Brief descriptive captions
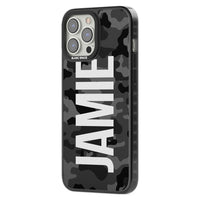 Personalised Black Camo Name Vertical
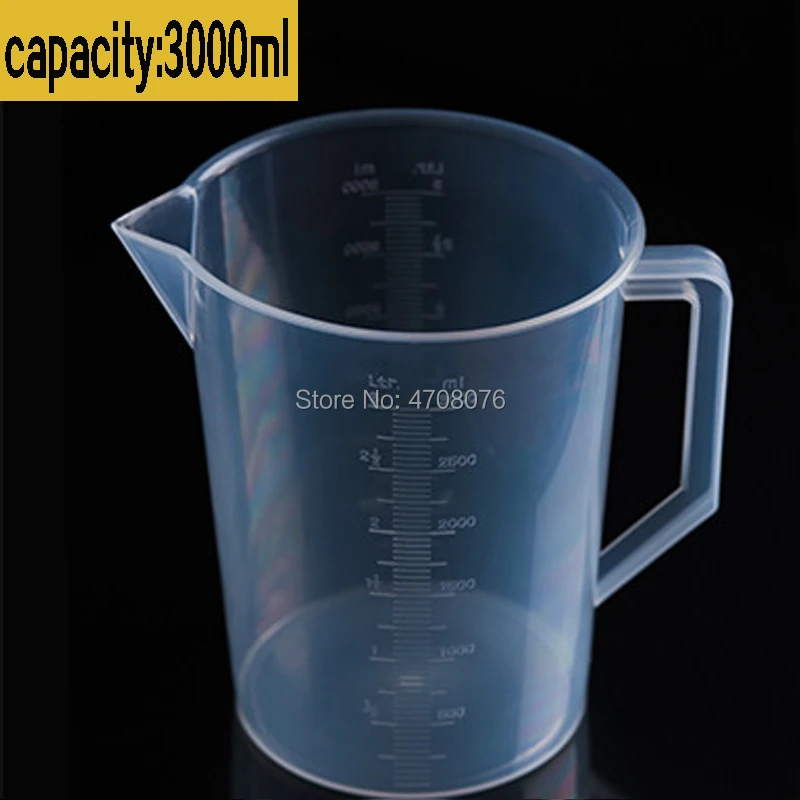 PP graduated cup Plastic lab measuring beaker with handle for chemical experiment kitchen food grade transparent 3000ml 1pc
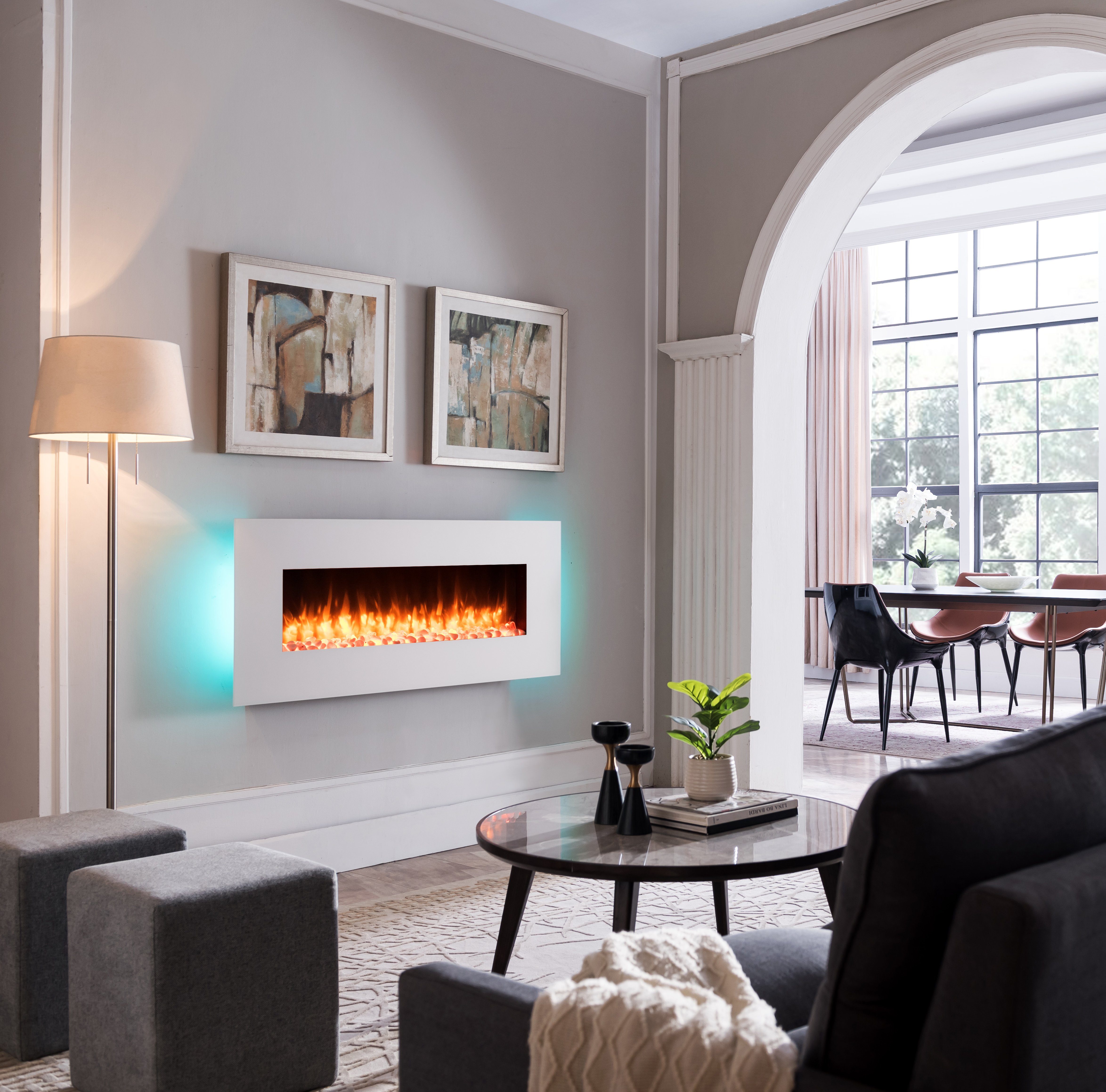 RICHEN Elektrokamin Yoash, Wandkamin mit Heizung 2000W, 3D-Flammeneffekt, LED-Beleuchtung, Fernbedienung, Timer, Thermostat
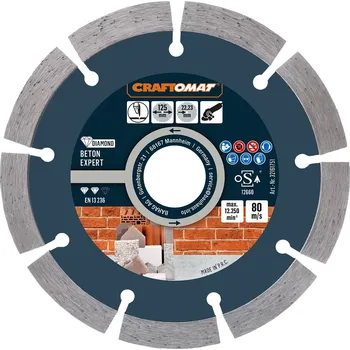 Řezný kotouč Craftomat Diamantový řezný kotouč Beton Expert, ø 125 × 1,8 × 22,23 mm, 13300 ot./min. 6680003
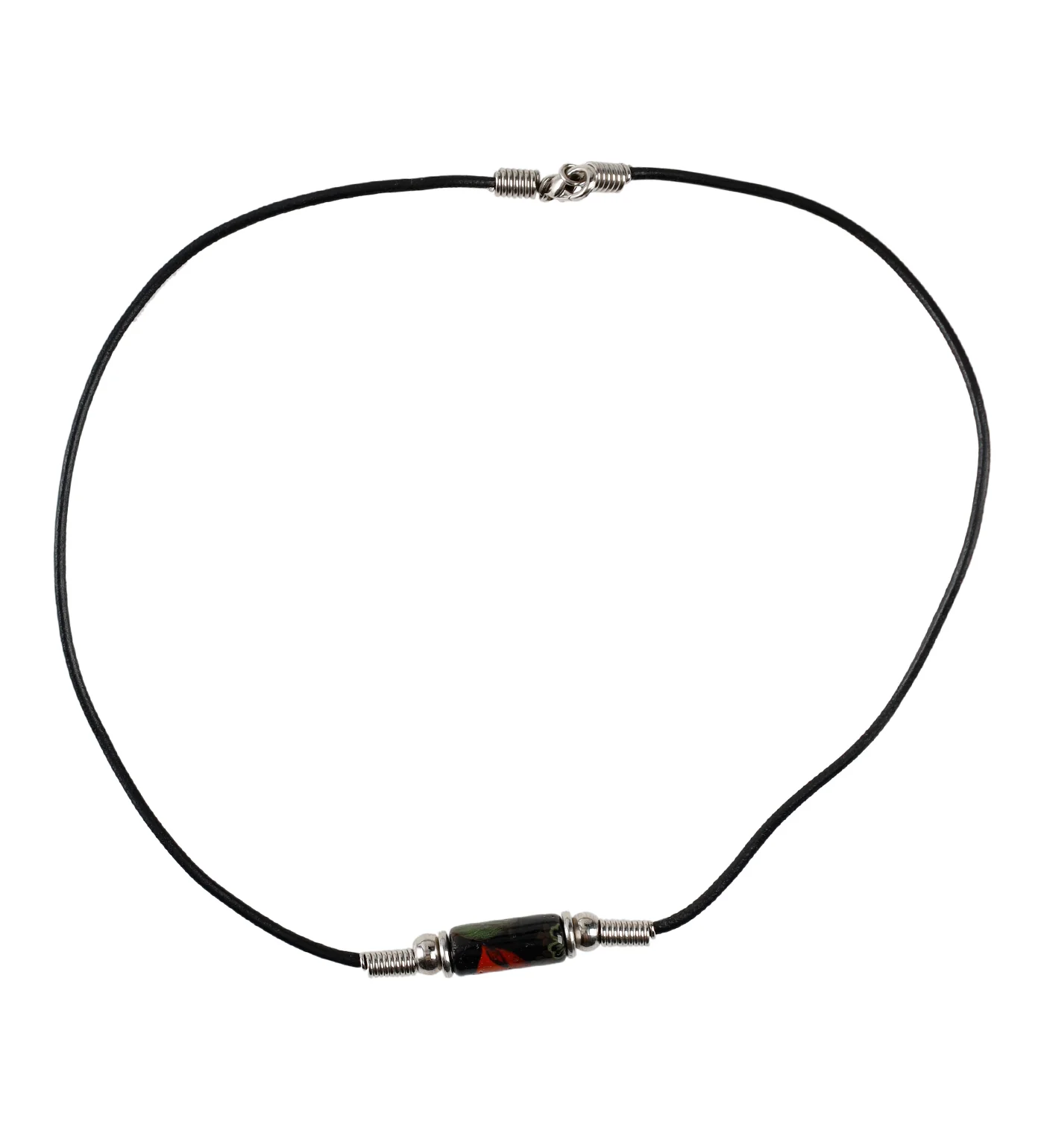 Painted Pendant String Necklace, Black/Silver/Green/Red (2F) - Image 3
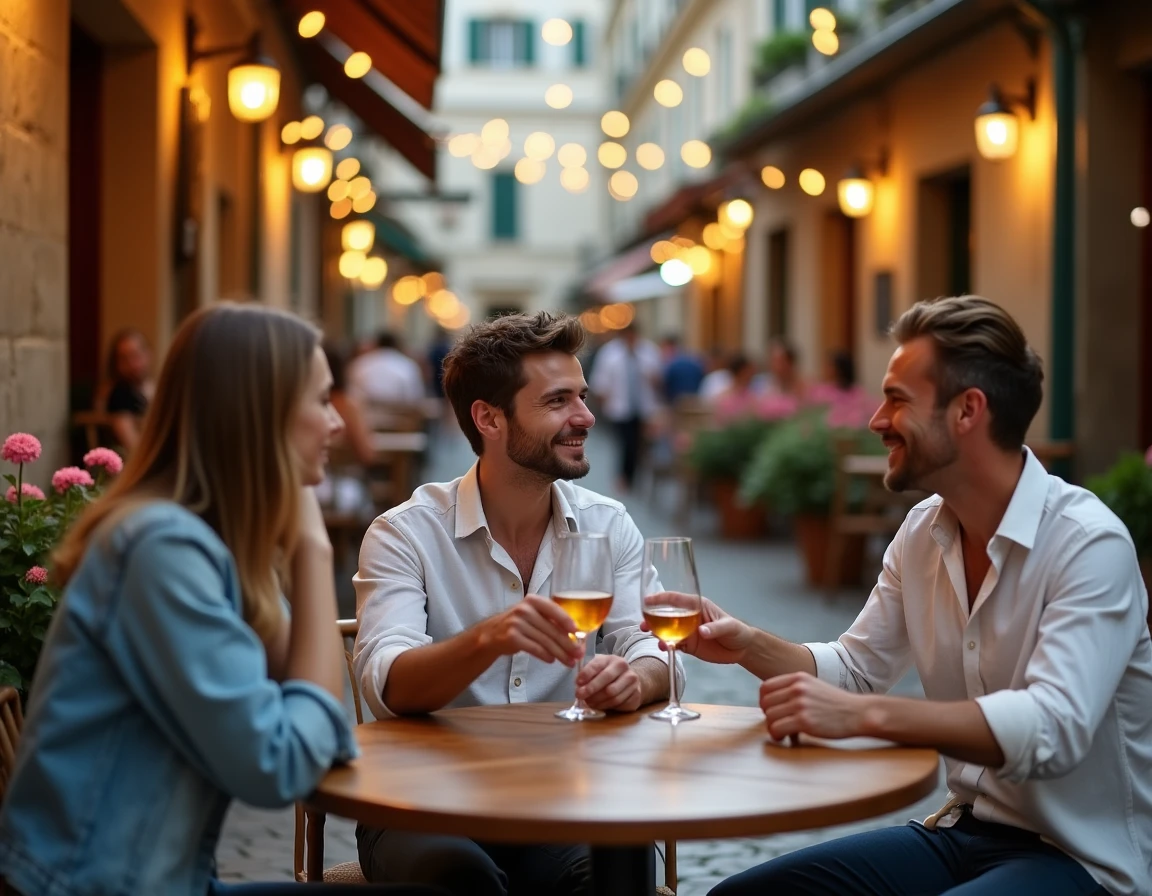 Groupe d'amis profitant d'une terrasse de brasserie en soirée dans une ville de province française, ambiance conviviale et animée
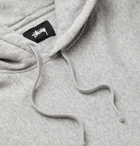 Stüssy - Logo-Embroidered Fleece-Back Cotton-Jersey Hoodie - Gray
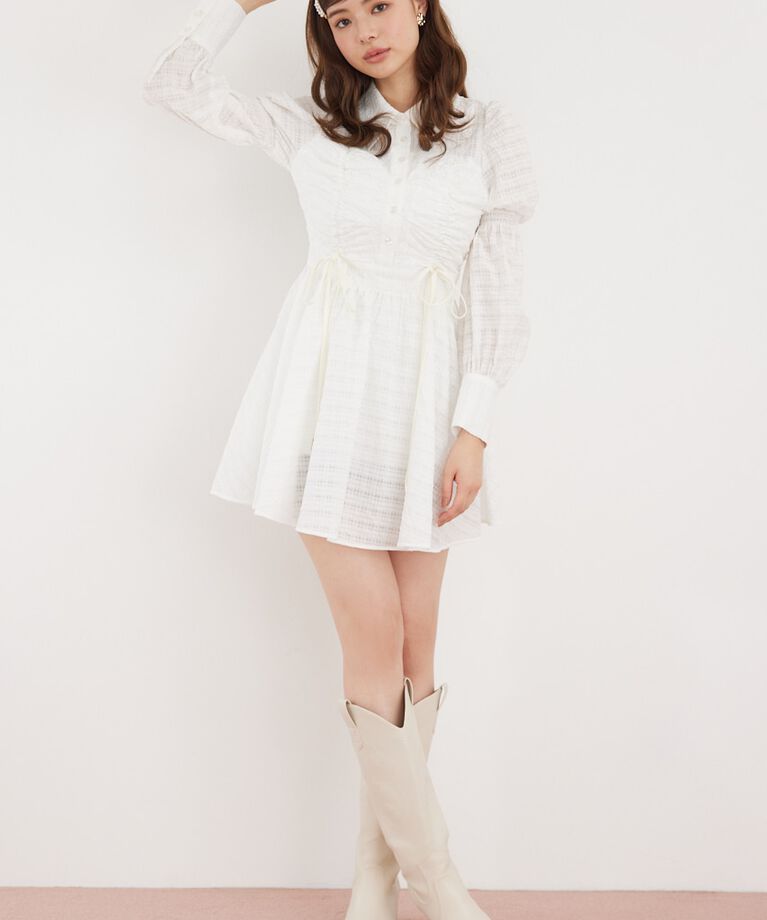 rienda「フロントシャーリングリボンミニシャツフレアワンピース」|ワンピース|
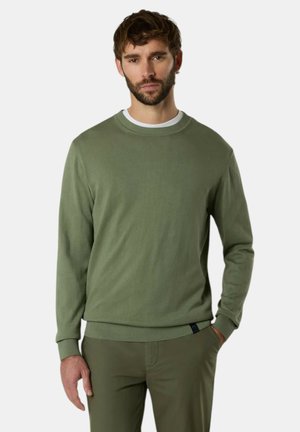 Uomo con capelli castani corti e barba, che indossa un maglione verde oliva chiaro e pantaloni abbinati, posa con una mano in tasca su sfondo bianco.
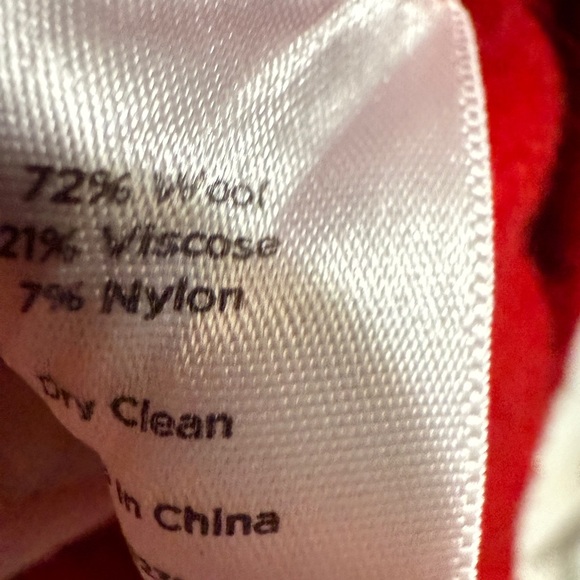 Talbots Women's Vibrant Red Pea Coat Wool Blend Holiday Christmas - Picture 3 of 4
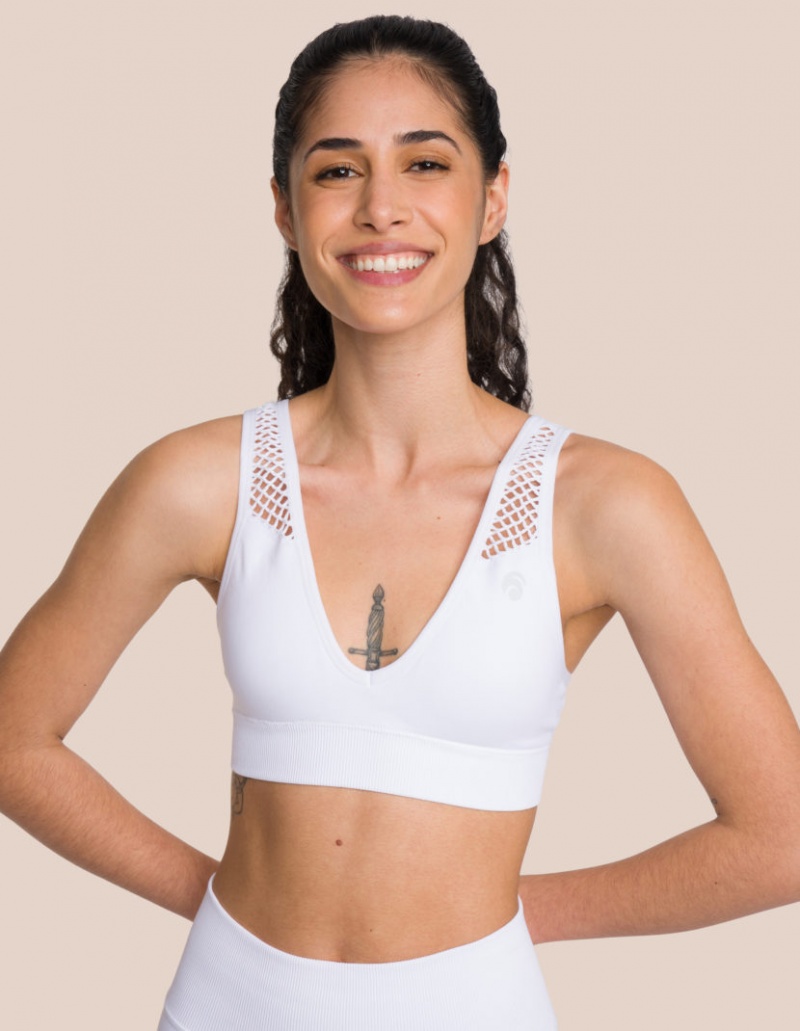 White Women\'s Oceans Apart Juno Mesh Bra | USA CET-8037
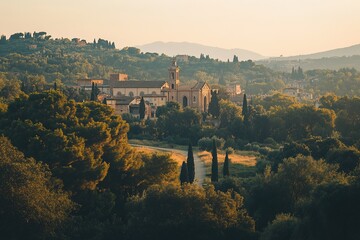 Obraz premium In the distance, in an ancient Italian town surrounded by green trees and hills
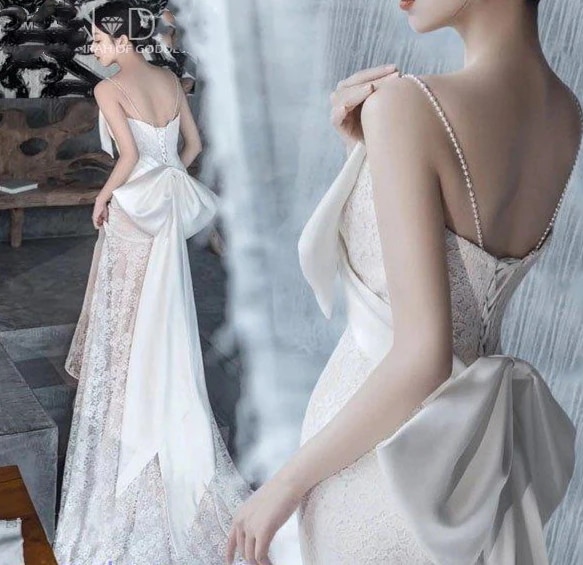 新品ウェディングドレス ウエディングドレス白 パーティー 可愛い 花嫁ロングドレス 結婚式 トレーンライン 二次会 フォームドレス お呼ばれ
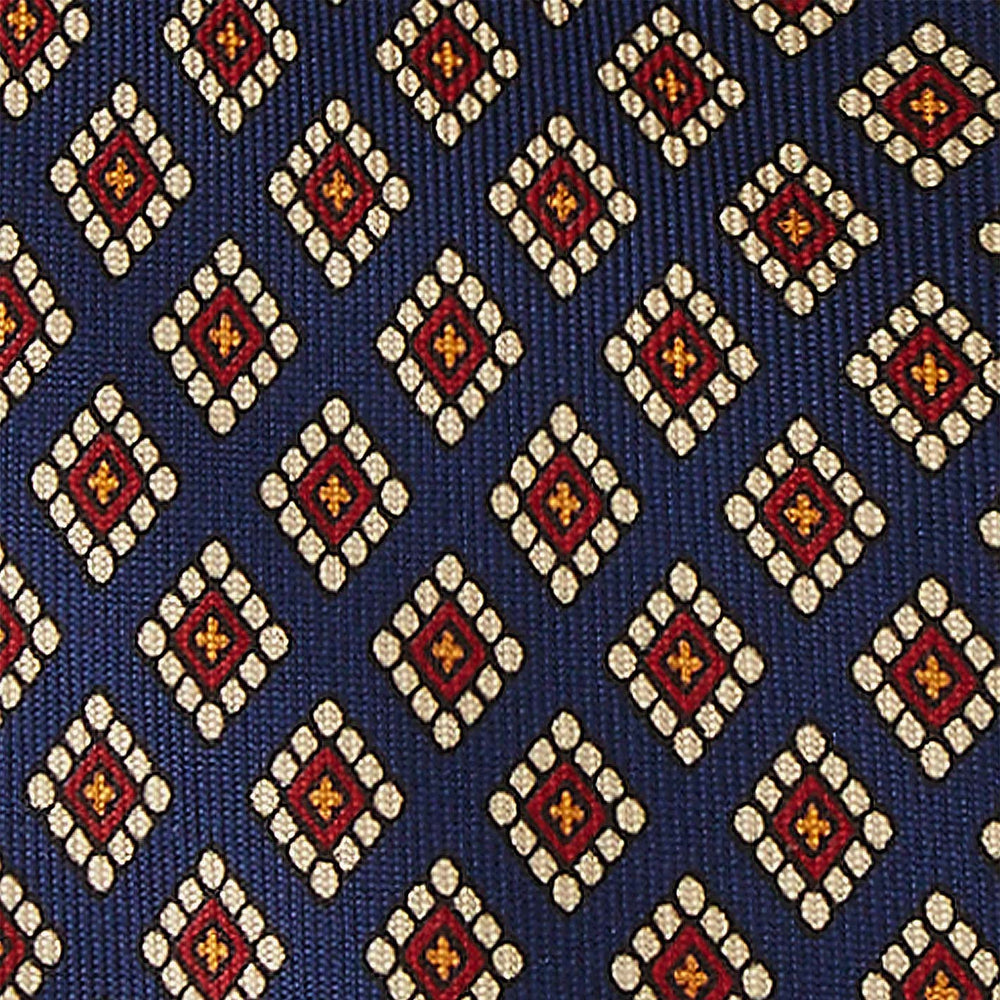 Navy Yellow Diamond Patterned Silk Tie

• _TASK DETAILS_
Beginning with the line that contains "Uomo con capelli", repeat every remaining line of the data exactly, the last line included, and omit pictures.

• _TASK RESULT_
 Uomo con capelli castani corti e barba, che indossa un maglione verde oliva chiaro e pantaloni abbinati, posa con una mano in tasca su sfondo bianco.
 Talbots Women's Vibrant Red Pea Coat Wool Blend Holiday Christmas - Picture 3 of 4
 White Women\'s Oceans Apart Juno Mesh Bra | USA CET-8037
 Obraz premium In the distance, in an ancient Italian town surrounded by green trees and hills
 新品ウェディングドレス ウエディングドレス白 パーティー 可愛い 花嫁ロングドレス 結婚式 トレーンライン 二次会 フォームドレス お呼ばれ
 Navy Yellow Diamond Patterned Silk Tie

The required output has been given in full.